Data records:
══════════════════════════════
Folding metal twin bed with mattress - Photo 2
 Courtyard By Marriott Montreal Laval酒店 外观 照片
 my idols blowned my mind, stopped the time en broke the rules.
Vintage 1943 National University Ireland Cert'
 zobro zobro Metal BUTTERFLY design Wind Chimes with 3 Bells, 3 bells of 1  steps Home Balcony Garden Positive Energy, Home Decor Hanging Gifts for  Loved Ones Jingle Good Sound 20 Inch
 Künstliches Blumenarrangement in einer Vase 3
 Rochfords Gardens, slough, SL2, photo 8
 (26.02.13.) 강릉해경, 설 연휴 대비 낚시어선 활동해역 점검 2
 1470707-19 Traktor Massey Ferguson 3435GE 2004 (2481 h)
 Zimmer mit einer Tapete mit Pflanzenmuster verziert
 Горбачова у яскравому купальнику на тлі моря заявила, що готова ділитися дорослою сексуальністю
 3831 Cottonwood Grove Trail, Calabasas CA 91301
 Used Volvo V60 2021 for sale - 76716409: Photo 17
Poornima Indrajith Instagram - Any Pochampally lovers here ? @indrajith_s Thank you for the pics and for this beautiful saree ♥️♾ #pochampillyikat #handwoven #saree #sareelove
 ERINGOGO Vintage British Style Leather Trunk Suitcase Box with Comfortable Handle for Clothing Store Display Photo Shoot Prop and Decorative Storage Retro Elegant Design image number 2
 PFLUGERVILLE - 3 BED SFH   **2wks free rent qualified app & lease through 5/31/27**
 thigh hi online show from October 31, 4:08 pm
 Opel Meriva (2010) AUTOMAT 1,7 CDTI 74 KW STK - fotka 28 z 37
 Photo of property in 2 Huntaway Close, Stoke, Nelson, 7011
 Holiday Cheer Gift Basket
══════════════════════════════
For every line of the records that has the word "with" in it, make a copy.

Folding metal twin bed with mattress - Photo 2
 zobro zobro Metal BUTTERFLY design Wind Chimes with 3 Bells, 3 bells of 1  steps Home Balcony Garden Positive Energy, Home Decor Hanging Gifts for  Loved Ones Jingle Good Sound 20 Inch
 ERINGOGO Vintage British Style Leather Trunk Suitcase Box with Comfortable Handle for Clothing Store Display Photo Shoot Prop and Decorative Storage Retro Elegant Design image number 2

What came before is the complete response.